My three and a half year old neice is obsessed with the movie Cars. It is kind of cool that she is obsessed with this movie rather than say, a princess or barbie movie…The other day I was driving her (and her sister) in her mother’s car and she asked for “Real Gone” on the cd player (the Sheryl Crow song to which she knows all the words, such good taste she has….) and she said “play Life is a Highway next”. Alas, I could not find it on the mix cd of Disney hits, but I have not been able to get Life is a Highway out of my head.

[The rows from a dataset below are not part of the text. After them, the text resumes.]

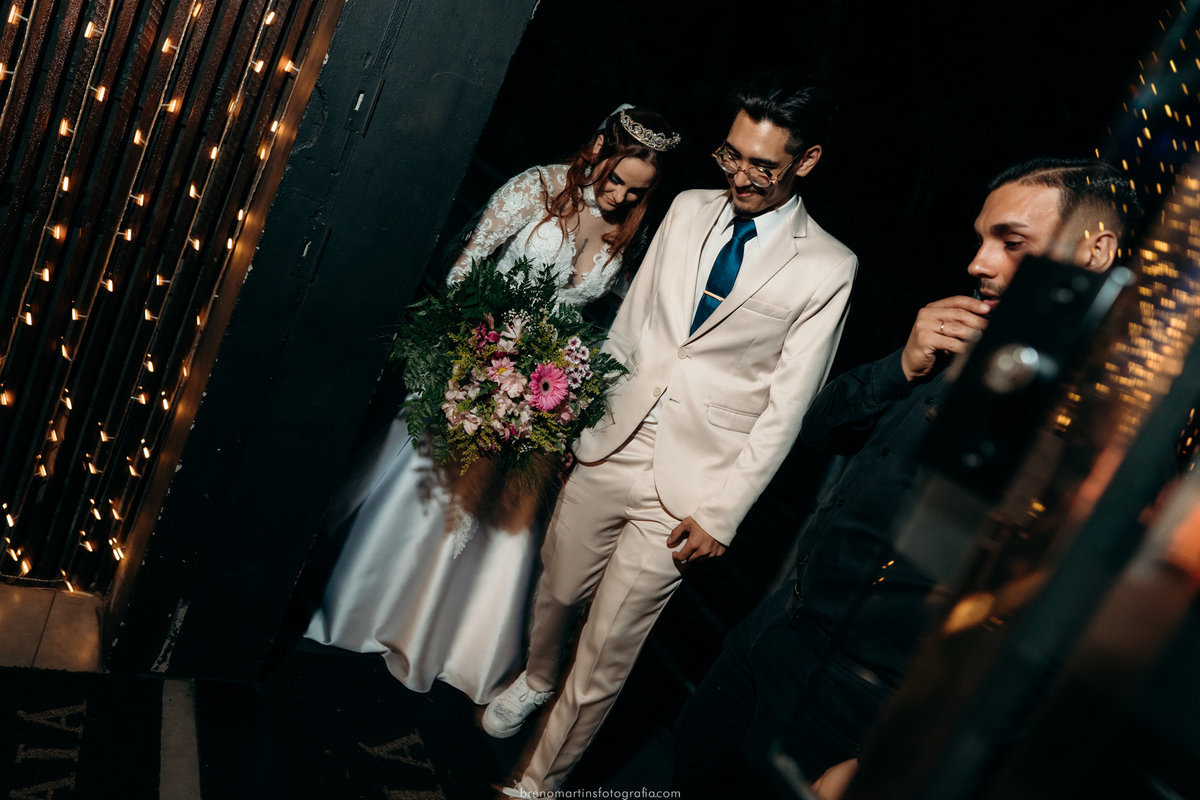 julia-e-koji-casamento-em-florianopolis-indaia-eventos-buffet-indaia-em-floripa-noiva-tatoo-vestido-de-noiva-casamento-buffet-indaia-eventos-brenomartinsfoto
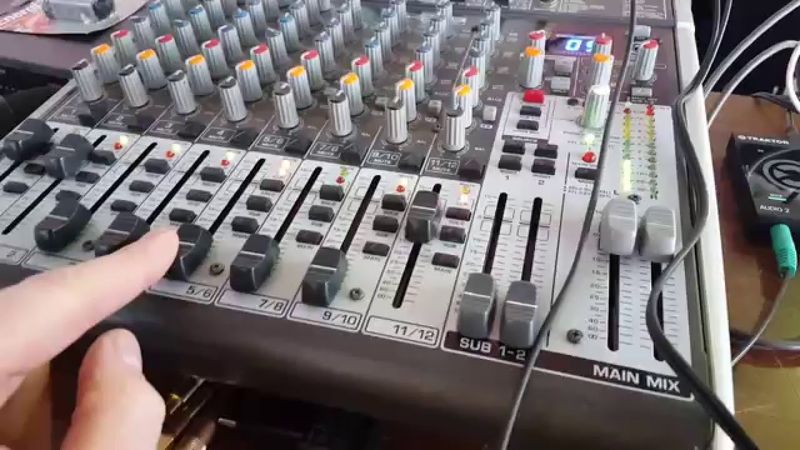 Микшер. Предпрослушка. Что как подключать и пользоваться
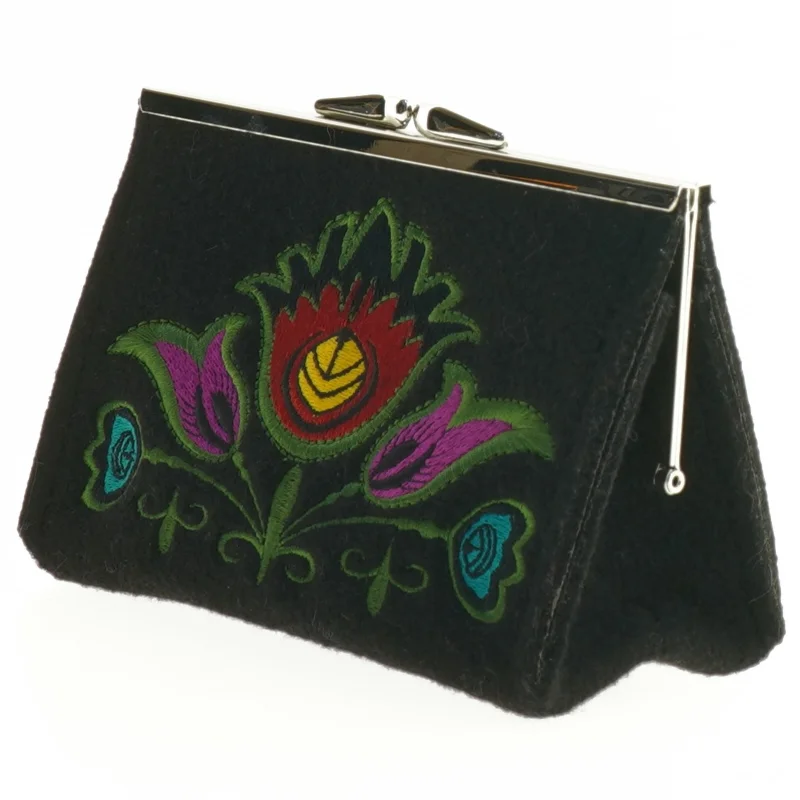 Broderet stofpung med metal lukning fra Goshico (str. 16 x 11 x 7 cm)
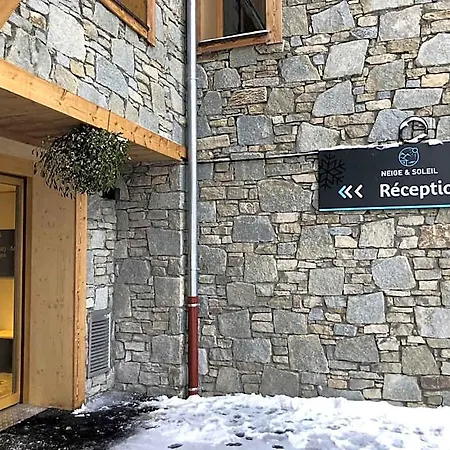 Le Chateau D'hermonville / D'hotes Bed and Breakfast 4*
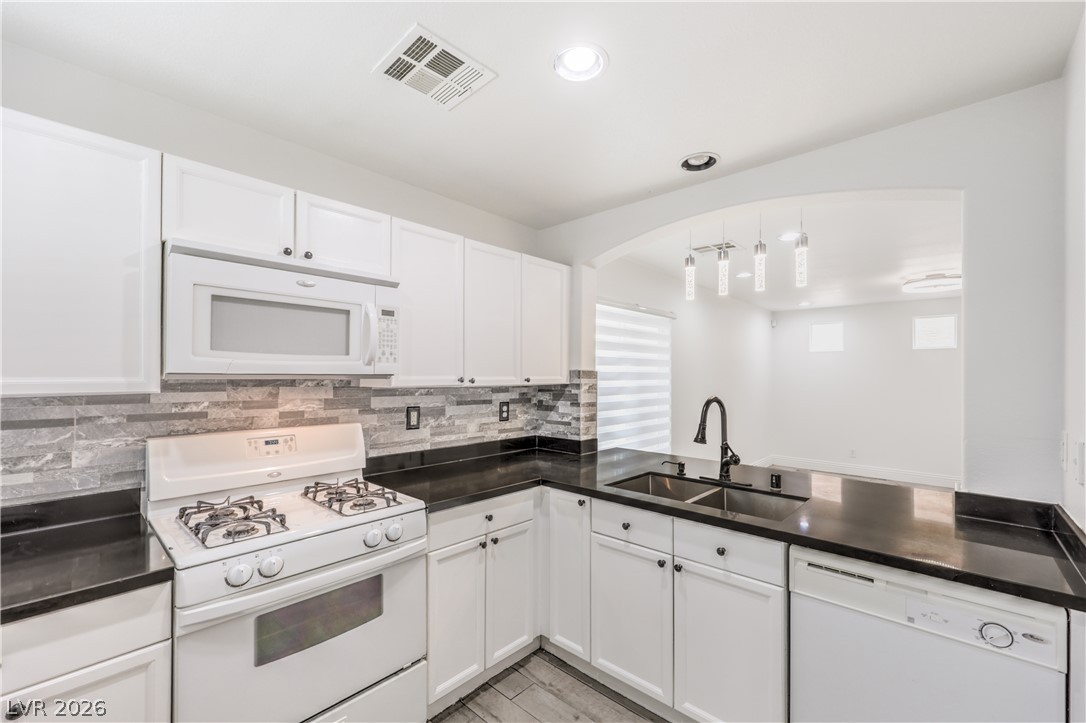 9052 Silk Threads Avenue Las Vegas NV 89149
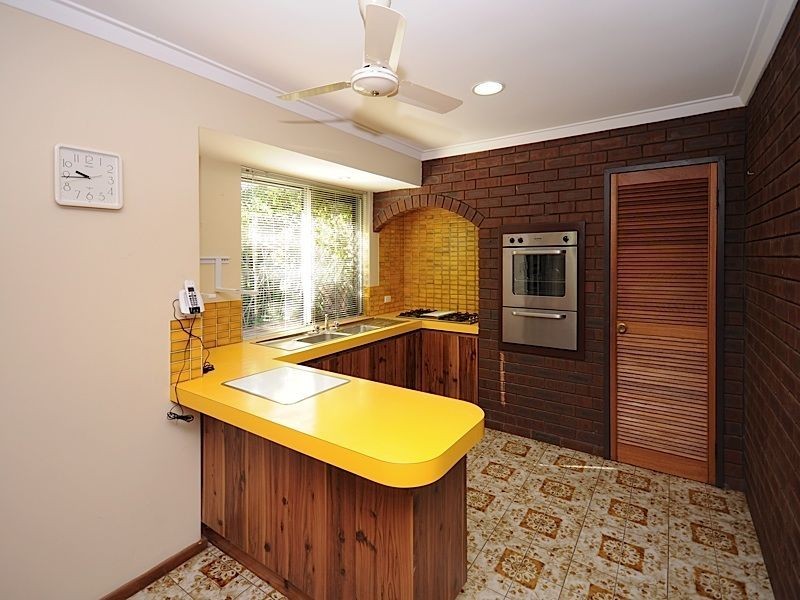 4 Higham Court, Leeming WA 6149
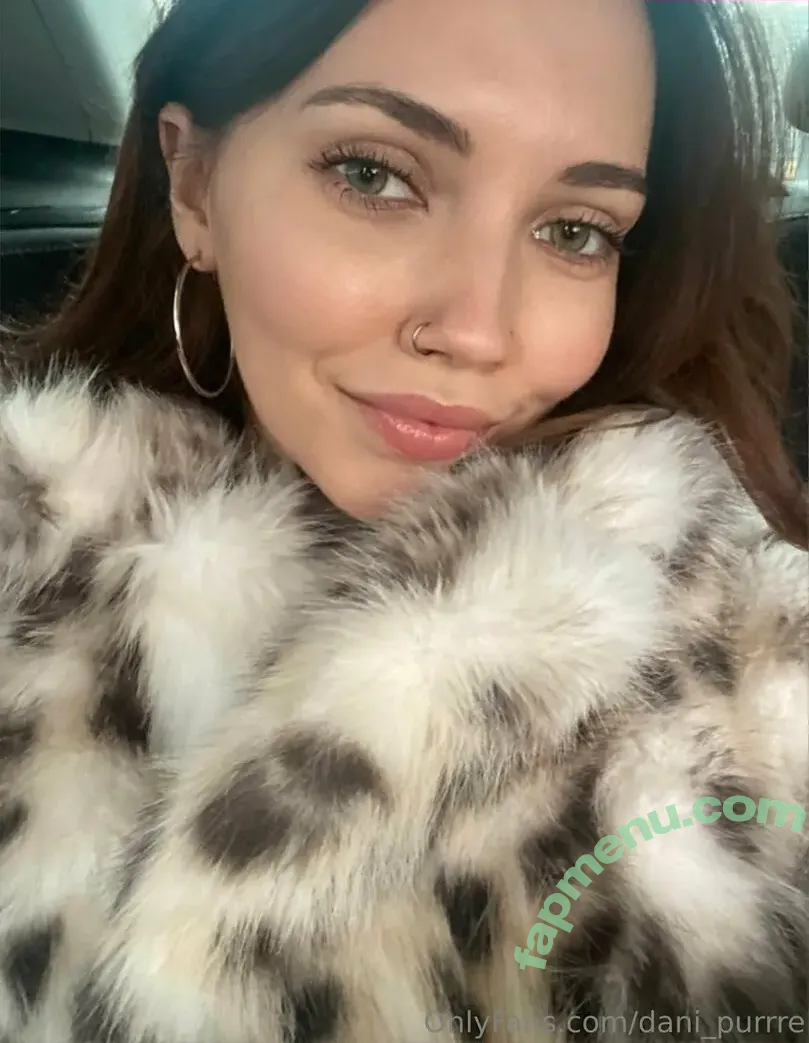 dani_purrre nude photo #0039 (dani_purda)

Though the words of the song, except the chorus, escape me completely, it is the title that strikes me as so poignant at this time in my life. My life in the last ten years has taken me up and down many highways, perhaps more than the average quarterlifer+. I have traversed I-70 more times that I care to mention to and from Kansas City, Missouri for four and a half years in college, though I must say that taking 64 is much more beautiful through the horse fields of Kentucky. Taking these roads showed me non-black and white cows for the first time, it showed me more sky than I knew existed, it showed me a world of people who are committed to their faith and will not be told anything else. It showed me greatest friendships, simpler life, and frankly, a lot of beer. That road was the first development of my independence and the beginning of my faith walk.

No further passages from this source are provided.